The Boys I Have Loved, pt 1

17 Jan

There are five boys I have loved.

I fell in love with Junior when I was thirteen.  Love, at thirteen, is not mature; it is not conservative or sensible or contained. The feelings I had for him were intensely impassioned, loud and public. They were shallow, I have come to realize, but in the moment they were all consuming. Every fiber of my small, underdeveloped thirteen-year-old body was in a constant state of obsession over Junior.

He first kissed me on March 27th. Well, I think so – he always disputed this. While I asserted our first kiss was outside his house as he got out of my best friend’s mom’s car, he maintains that it was in the stairwell the next day, when we were hiding and talking instead of working on our after-school projects.

I’m obviously right. I remember how fast my heart was beating when I got back into the car. I remember replaying that moment over and over in my head, not able to sleep that night. I remember the ridiculous smile I didn’t even realize was on my face for days. I remember dreaming of our lives growing old together: a child’s fantasy, to postulate beyond the realm of middle school. For years after our inevitable break-up, Junior would act as the gold standard for the boys in my life.

That was in eighth grade; the majority of that year was spent forcing my three best friends not only to obsess about him with me, but to force them to respectively obsess over his three best friends. Two of those were successful. One unrequited obsession may be ongoing. With that exception noted, that is what thirteen-year-old love is: learning kisses in the dark with a thread of saliva hanging between our mouths. Locking eyes across the room for over half of Social Studies. Running my hands down his back during games of keep away. Feeling electric as his knee touched mine under the table in our reading class.

It was world-rocking and heart-shattering and so perfectly innocent, as first loves are wont to be. Similarly, it came to a wrenching end not so long after it began.


But high school did begin, and this is where I fell in love with Des.

I will preface this with the disclaimer: my boss and mentor in my Leadership Program pronounced the pair of us the “worst-matched pair, probably in the history of ever.” After we graduated, there was a strong recommendation put in place that no two people date within the Leadership Program, due to ‘disruptions in the Leadership Process.’

I was lonely in high school, depressed leaving my best friends behind. I had known Des for many years, and it was so simple to fall into a relationship with him. It elevated my spirits and gave me something to concentrate on outside of my schoolwork. Gave me a best friend to talk to.

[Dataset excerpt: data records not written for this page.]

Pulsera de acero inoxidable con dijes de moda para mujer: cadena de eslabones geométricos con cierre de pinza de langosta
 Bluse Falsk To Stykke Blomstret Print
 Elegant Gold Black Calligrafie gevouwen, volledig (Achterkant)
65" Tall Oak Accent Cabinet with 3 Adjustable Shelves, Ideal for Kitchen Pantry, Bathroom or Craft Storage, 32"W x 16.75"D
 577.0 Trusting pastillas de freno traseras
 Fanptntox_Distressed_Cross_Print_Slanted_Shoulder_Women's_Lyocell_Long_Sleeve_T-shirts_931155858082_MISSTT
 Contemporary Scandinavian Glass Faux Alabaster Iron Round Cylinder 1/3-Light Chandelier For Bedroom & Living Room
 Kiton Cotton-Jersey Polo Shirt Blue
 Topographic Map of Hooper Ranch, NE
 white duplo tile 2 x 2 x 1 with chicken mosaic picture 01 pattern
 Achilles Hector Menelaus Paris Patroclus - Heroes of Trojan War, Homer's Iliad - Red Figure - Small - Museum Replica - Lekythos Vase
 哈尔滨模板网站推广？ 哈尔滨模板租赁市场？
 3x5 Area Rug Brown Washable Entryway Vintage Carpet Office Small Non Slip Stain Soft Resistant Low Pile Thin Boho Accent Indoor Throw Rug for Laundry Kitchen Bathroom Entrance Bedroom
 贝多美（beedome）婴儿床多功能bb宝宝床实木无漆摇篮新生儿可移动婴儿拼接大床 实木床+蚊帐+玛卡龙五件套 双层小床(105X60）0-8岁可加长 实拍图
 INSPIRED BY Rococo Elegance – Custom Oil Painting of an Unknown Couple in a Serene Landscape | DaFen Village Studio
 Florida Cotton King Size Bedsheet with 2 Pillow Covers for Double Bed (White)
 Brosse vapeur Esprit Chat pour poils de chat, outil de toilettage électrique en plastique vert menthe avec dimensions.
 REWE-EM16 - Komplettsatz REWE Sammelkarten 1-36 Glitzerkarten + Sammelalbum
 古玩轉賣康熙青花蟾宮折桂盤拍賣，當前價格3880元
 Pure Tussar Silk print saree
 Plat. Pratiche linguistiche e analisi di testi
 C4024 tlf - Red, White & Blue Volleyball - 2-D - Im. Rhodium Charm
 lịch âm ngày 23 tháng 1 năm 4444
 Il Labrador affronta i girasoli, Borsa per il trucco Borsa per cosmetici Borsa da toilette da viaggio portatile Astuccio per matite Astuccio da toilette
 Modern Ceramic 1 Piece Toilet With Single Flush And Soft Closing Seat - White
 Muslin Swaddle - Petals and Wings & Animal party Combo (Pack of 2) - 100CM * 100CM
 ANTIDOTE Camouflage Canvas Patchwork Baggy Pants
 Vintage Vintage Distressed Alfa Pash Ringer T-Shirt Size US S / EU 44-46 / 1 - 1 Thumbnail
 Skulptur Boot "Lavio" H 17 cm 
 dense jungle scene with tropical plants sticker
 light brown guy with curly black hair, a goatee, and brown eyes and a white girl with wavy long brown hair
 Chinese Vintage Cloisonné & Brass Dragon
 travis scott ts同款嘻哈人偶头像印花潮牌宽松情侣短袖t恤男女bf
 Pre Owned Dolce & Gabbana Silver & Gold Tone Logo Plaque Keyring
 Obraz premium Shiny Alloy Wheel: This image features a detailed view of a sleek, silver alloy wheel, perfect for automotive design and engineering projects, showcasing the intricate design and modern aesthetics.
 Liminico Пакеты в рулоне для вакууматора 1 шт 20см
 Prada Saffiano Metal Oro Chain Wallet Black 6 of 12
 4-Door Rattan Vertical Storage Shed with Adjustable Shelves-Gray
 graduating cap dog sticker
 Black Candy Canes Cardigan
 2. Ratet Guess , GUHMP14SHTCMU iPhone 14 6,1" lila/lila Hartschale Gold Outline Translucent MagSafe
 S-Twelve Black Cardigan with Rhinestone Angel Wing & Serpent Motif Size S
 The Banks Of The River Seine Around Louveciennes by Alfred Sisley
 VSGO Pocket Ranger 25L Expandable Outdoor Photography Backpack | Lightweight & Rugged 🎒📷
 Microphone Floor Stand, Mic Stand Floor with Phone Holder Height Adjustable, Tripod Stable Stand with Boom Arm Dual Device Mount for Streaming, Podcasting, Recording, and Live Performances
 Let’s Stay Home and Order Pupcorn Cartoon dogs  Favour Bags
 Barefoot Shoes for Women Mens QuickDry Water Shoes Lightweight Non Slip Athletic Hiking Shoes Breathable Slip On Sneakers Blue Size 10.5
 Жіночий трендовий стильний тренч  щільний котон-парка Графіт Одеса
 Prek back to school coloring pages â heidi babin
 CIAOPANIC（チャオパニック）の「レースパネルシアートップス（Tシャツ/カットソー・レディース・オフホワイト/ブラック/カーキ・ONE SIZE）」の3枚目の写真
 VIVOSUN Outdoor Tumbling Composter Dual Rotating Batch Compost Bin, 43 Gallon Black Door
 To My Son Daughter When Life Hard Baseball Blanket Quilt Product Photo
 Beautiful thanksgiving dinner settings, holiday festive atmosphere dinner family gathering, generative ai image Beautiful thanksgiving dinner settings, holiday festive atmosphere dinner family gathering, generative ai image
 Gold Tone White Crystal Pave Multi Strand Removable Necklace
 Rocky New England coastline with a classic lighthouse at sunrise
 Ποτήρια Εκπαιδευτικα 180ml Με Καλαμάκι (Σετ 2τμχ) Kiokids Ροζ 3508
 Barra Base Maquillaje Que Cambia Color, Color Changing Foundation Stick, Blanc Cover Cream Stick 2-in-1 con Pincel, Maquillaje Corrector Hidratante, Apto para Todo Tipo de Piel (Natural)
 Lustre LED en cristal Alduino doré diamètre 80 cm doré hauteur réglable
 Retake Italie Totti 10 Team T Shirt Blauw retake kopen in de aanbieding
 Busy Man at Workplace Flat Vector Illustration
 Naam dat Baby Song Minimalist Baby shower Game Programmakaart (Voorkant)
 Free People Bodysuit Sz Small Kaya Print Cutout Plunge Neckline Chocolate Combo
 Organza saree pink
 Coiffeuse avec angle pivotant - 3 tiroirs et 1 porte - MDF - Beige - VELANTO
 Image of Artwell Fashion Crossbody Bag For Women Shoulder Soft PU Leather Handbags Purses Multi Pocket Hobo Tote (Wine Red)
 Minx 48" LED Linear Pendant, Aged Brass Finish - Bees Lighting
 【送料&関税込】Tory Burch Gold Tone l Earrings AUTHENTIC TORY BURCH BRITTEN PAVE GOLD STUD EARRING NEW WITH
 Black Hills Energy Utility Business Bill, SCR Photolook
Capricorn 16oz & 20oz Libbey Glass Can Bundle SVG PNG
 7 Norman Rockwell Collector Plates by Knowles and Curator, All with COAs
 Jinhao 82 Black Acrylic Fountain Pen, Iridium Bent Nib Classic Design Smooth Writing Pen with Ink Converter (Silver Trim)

Social status in a school I had previously been a hermit at. I loved him for these reasons.

For three years, it didn’t matter how horribly matched we were. What would matter, eventually, were the daily fights. Were being pushed against lockers and, worse, ignored when he was angry with me. The girls he kissed “at baseball practice…” they mattered. What should have mattered was our inability to compromise on anything.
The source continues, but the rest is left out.